聖書:ガラテヤ4章1節~7節

1 わたしの言う意味は、こうである。相続人が子供である間は、全財産の持ち主でありながら、僕となんの差別もなく、
2 父親の定めた時期までは、管理人や後見人の監督の下に置かれているのである。
3 それと同じく、わたしたちも子供であった時には、いわゆるこの世のもろもろの霊力の下に、縛られていた者であった。
4 しかし、時の満ちるに及んで、神は御子を女から生れさせ、律法の下に生れさせて、おつかわしになった。
5 それは、律法の下にある者をあがない出すため、わたしたちに子たる身分を授けるためであった。
6 このように、あなたがたは子であるのだから、神はわたしたちの心の中に、「アバ、父よ」と呼ぶ御子の霊を送って下さったのである。
7 したがって、あなたがたはもはや僕ではなく、子である。子である以上、また神による相続人である。

 イエス様は私たちに生活の中で使われている言葉を通して救いを説明して下さったのである。その一つが父と子どもである。救われる事は神の子どもになることである。そして 神の子どもになることをもっと具体的に説明したのが今日の箇所ではないかと思う。ガラテヤ書4章を通して、神様の子どもになることは何を意味するかを三つ考えたい。
 
Ⅰ.神を「父」と呼ぶようになること
 6節に「神はわたしたちの心の中に、『アバ、父よ』と呼ぶ御子の霊を送って下さったのである」と書いてある。父と呼べることと救いとは直接関係がある。救われた人は神様を父と呼ぶ。父と呼べることは救われた一つの証拠である。キリスト教の祈りは神を父と呼ぶところから始まる。父である神は子どもである私たちの要求、祈りを楽しみにしておられる。子どもが一日で使っている単語の数は少ないが、その少ない単語の中で最も頻繁に使う単語は「パパ」、「ママ」である。子どもは「パパ」と呼ぶだけで全てをお父さんから得るのである。この事実は私たちの祈りの生活においても大きな教えである。
Ⅱ.神の相続人になること
 聖書で「子ども」とか「子」という文言の基本的な意味は、お父さんの跡を継ぐ後継者である。5節に「子たる身分を授ける」、7節には「子である以上、また神による相続人である」と書いてある。救われる人は法的に神の子どもという身分が与えられる。また、相続人には訓練も与えられる。身分にふさわしい能力や姿を持たせるため、神は子どもに訓練の時間を 与えるのである。その訓練は試練という形で現れるときも多いのである。試練の中で忍耐して、その課程が終わると神様の相続人にふさわしい人になるのである。私たちは神の子 どもという身分を持っているので、それにふさわしい霊的な水準が常に要求されるのである。そして、相続の完成は天国で成し遂げられるのである。
Ⅲ.神と一つになること
1.神様と心が一つになることである。父のみこころに従って、父と心を一つにして、父の立場に立って働くことである。

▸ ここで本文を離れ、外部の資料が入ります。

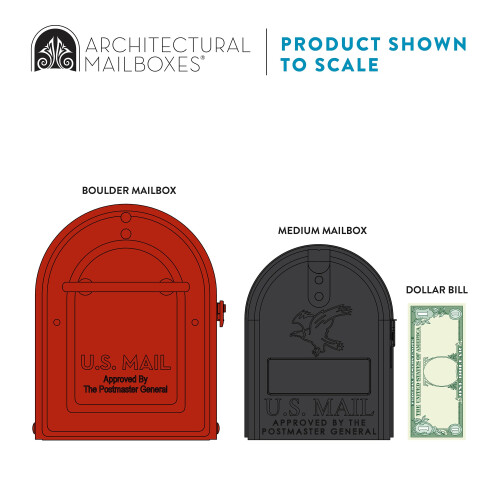 Architectural Mailboxes 7900-7R-SR Boulder Mailbox  Red 2
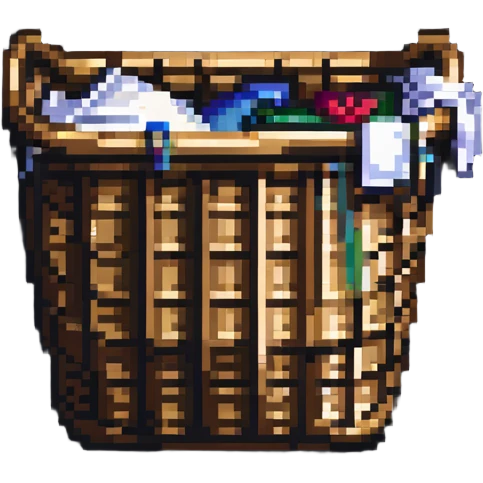 empty wicker laundry basket emoji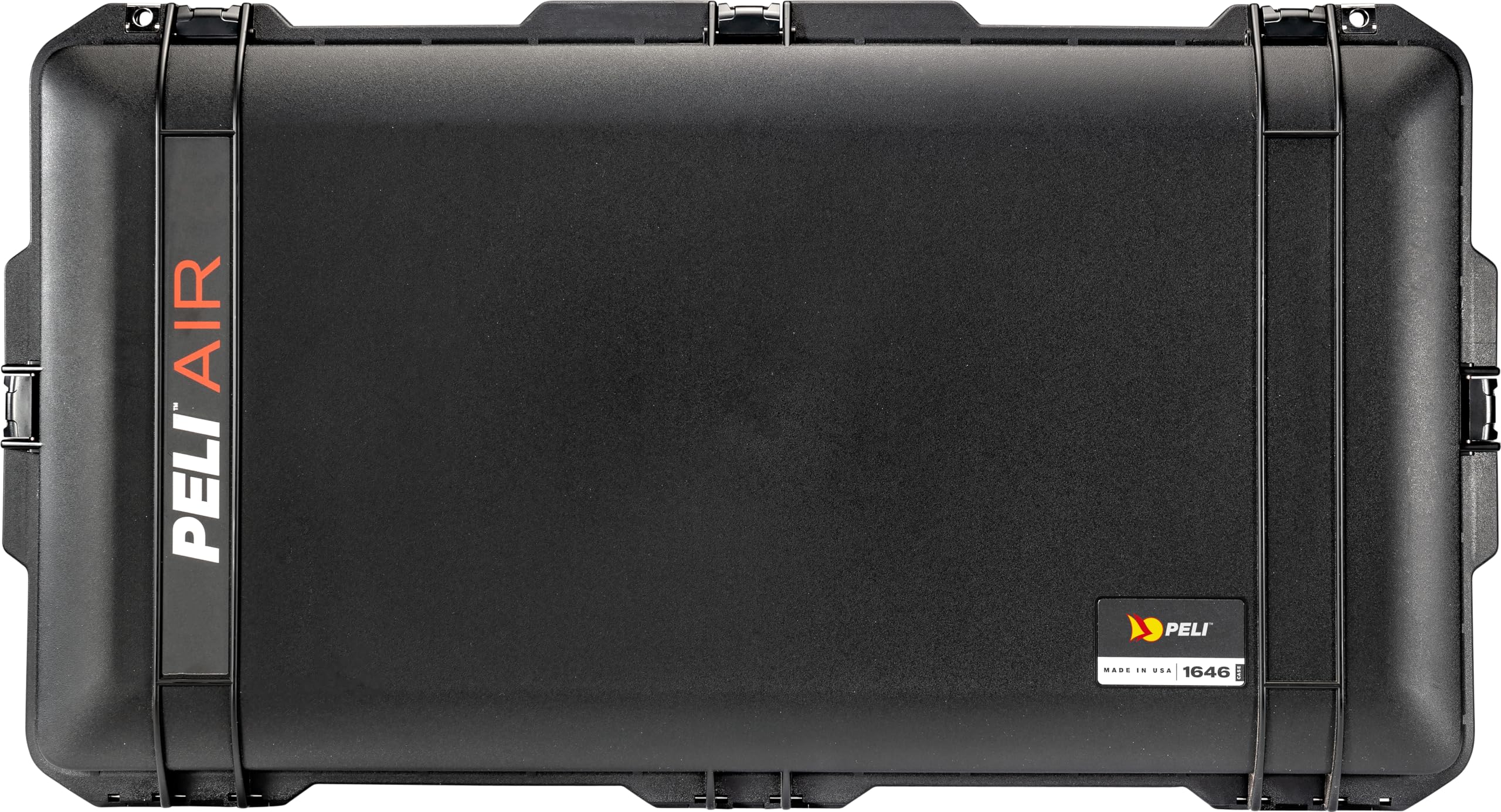 PELI 1646 AIR Koffer, Großer Rollkoffer für Filmkameras und technisches Equipment, IP67 wasserfest und staubdicht, 111 Liter Fassungsvermögen, ohne Schaumstoff, Farbe: Schwarz
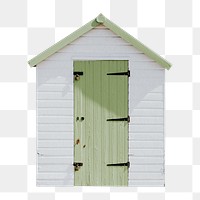 Beach shed png sticker, transparent background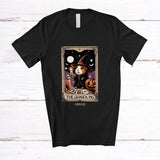 MacnyStore - Personalized Guinea Pig Witch Tarot Card; Awesome Halloween Custom Name Animal Lover T-Shirt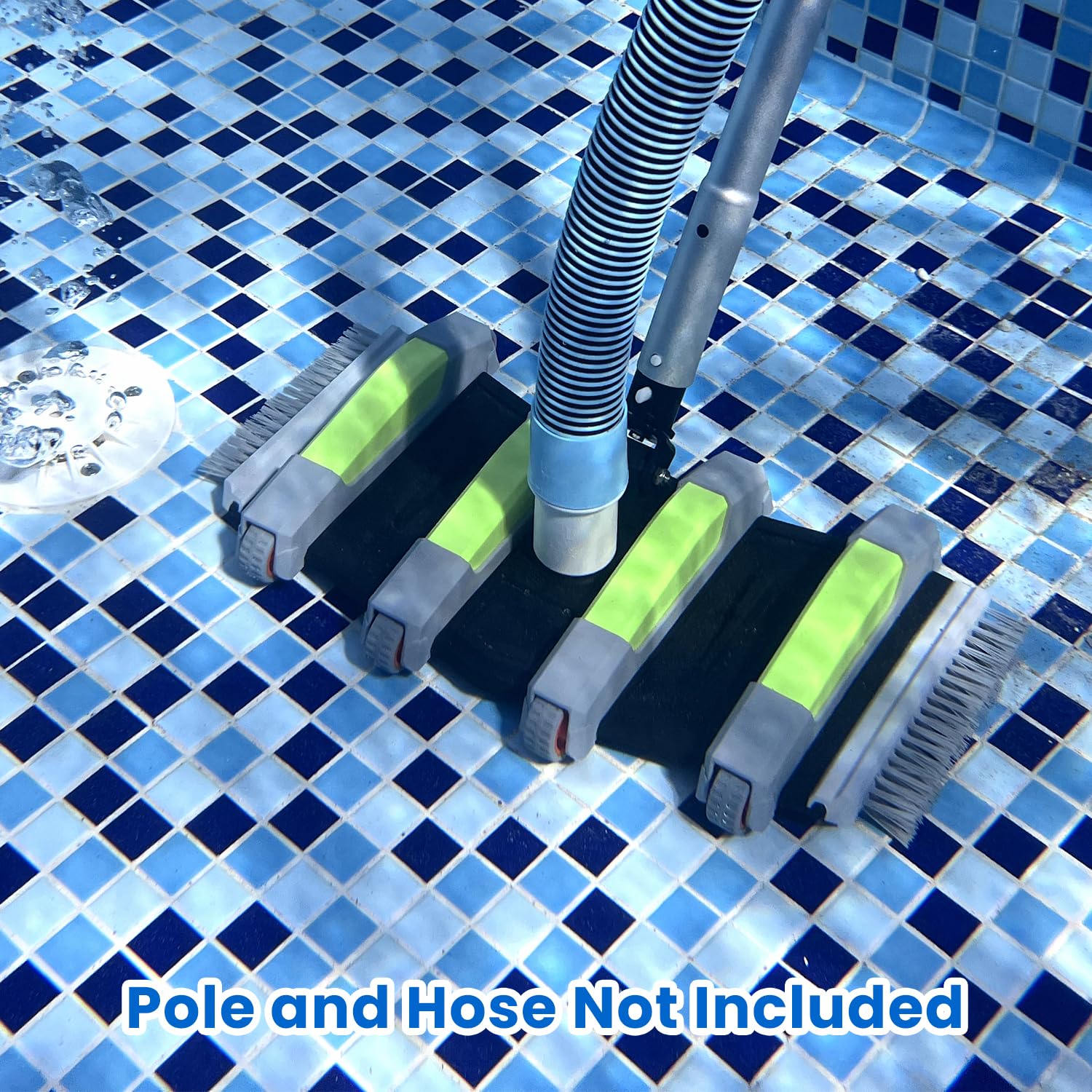 Sepetrel side and bottom brushes reach corners and tight spots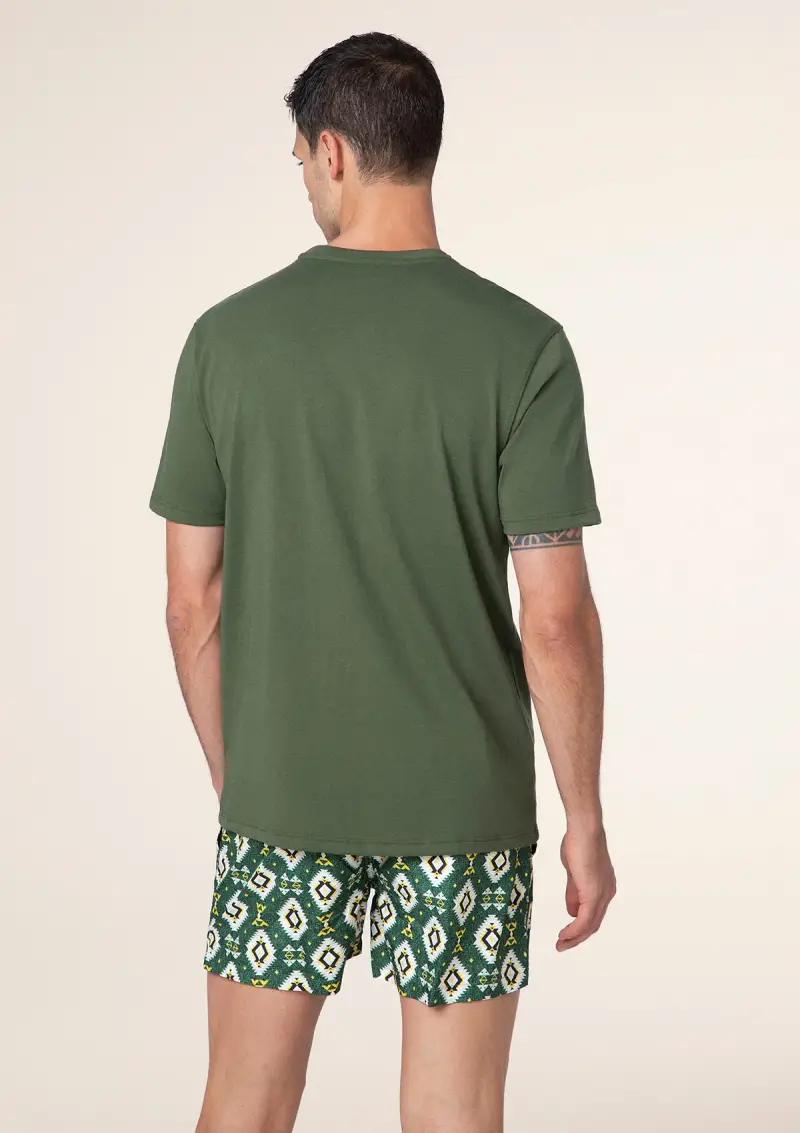 T-Shirt Uomo F**K Verde Militare M01TS72-MG miniatura 2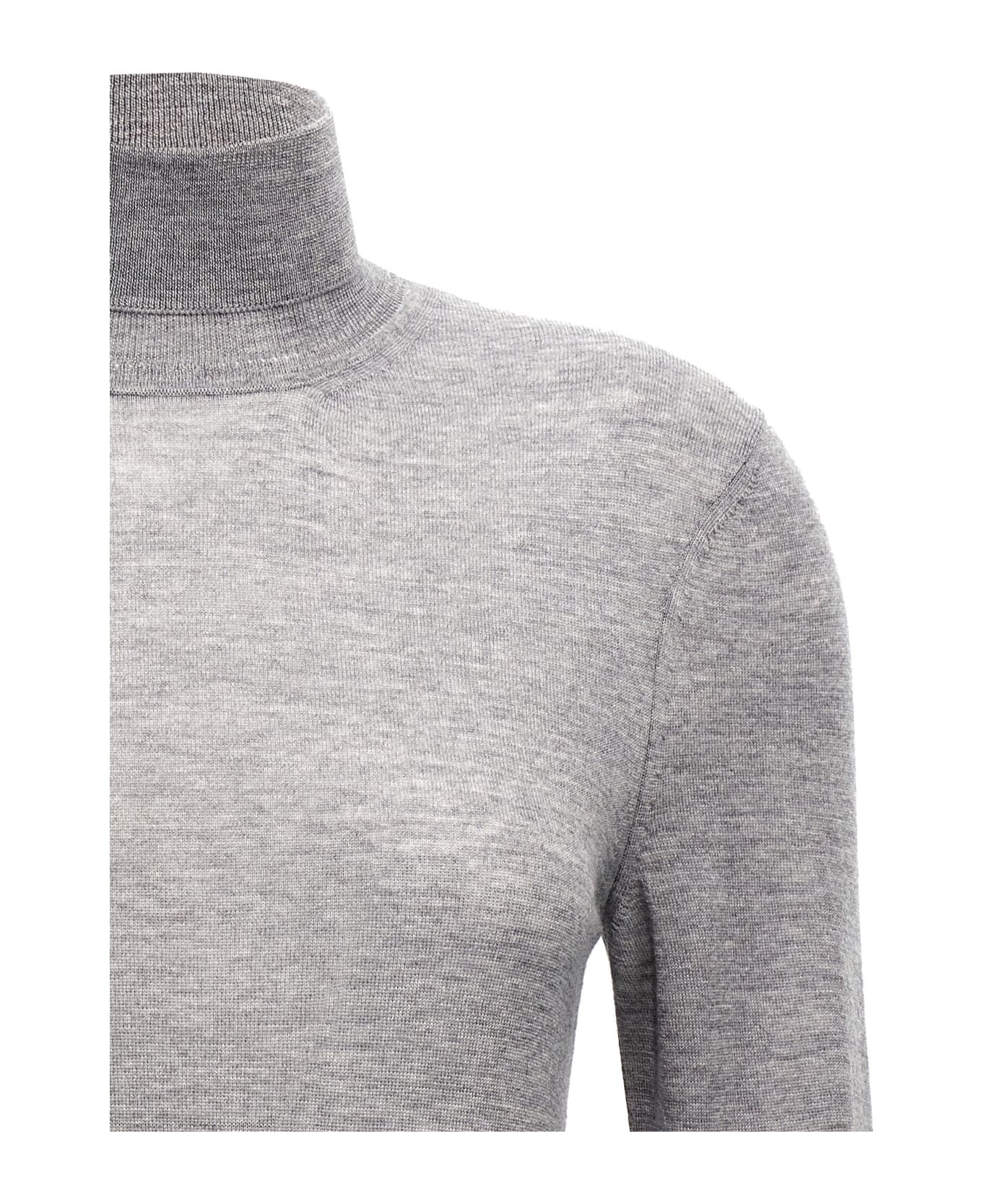 Saint Laurent 
cassandre
 Turtleneck Sweater - Gray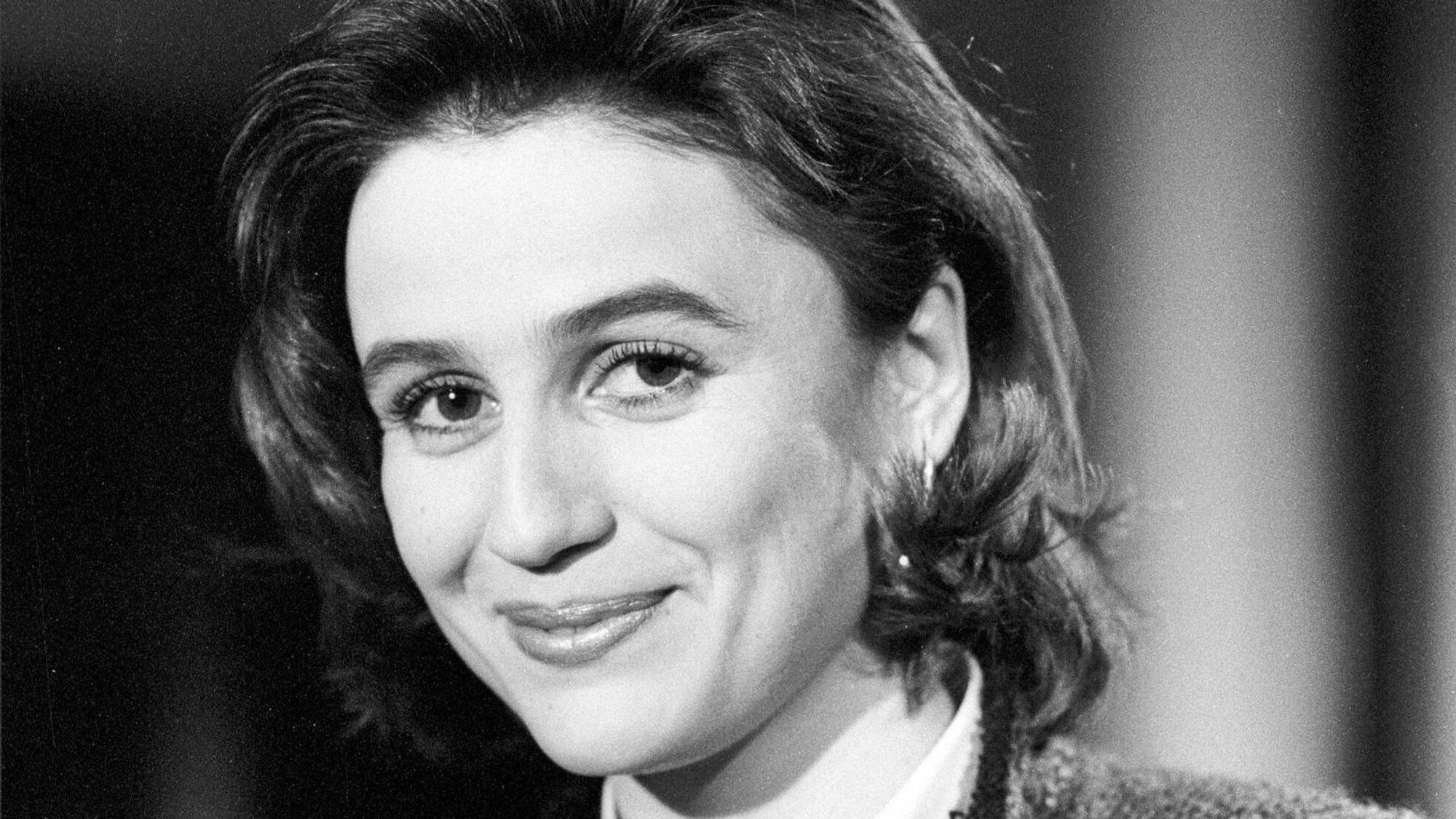 Sandra Maischberger führte Anfang der 90er rund ein Jahr als Co-Moderatorin durch die politische Talkshow „Talk im Turm“. (Bild: IMAGO / teutopress)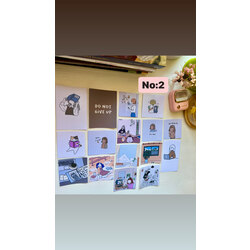16 adet Mat sticker seti no :2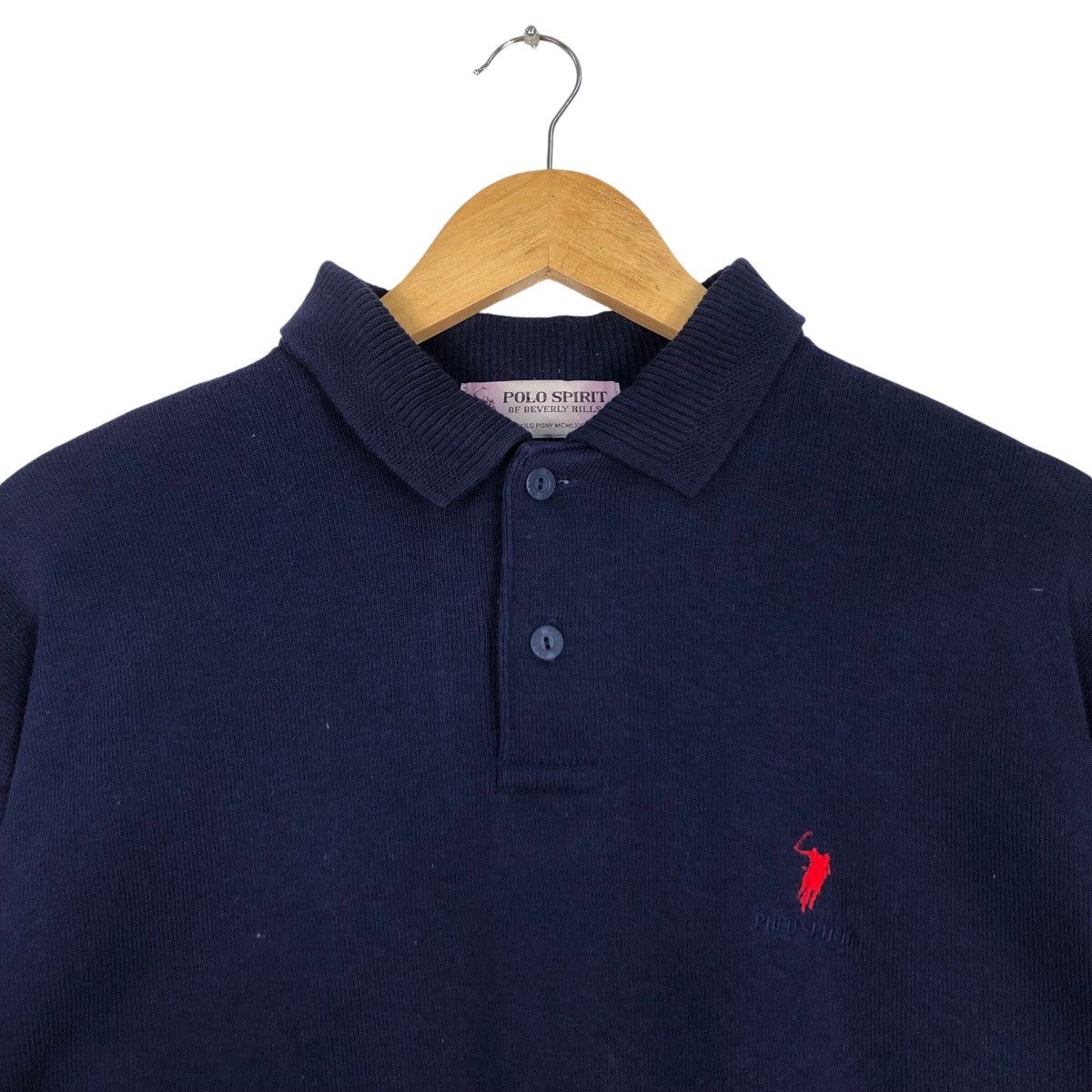 Vintage Vintage Polo Spirit Sweatshirt Jumper Rare 90s Small Size US S / EU 44-46 / 1 - 7 Thumbnail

2.神が持っている力、能力、権利の一部を私たちも持っている事を意味する。平和をもたらす権威が私たちにある。執り成しの祈りの権勢が私たちにある。他人を祝福する権威が私たちにある。
3.神と共に住むことである。父なる神は私たちの中に共におられ、共に暮らしている。
 福音は神様の子どもになることである。これからも神に愛される子どもになりたいのである。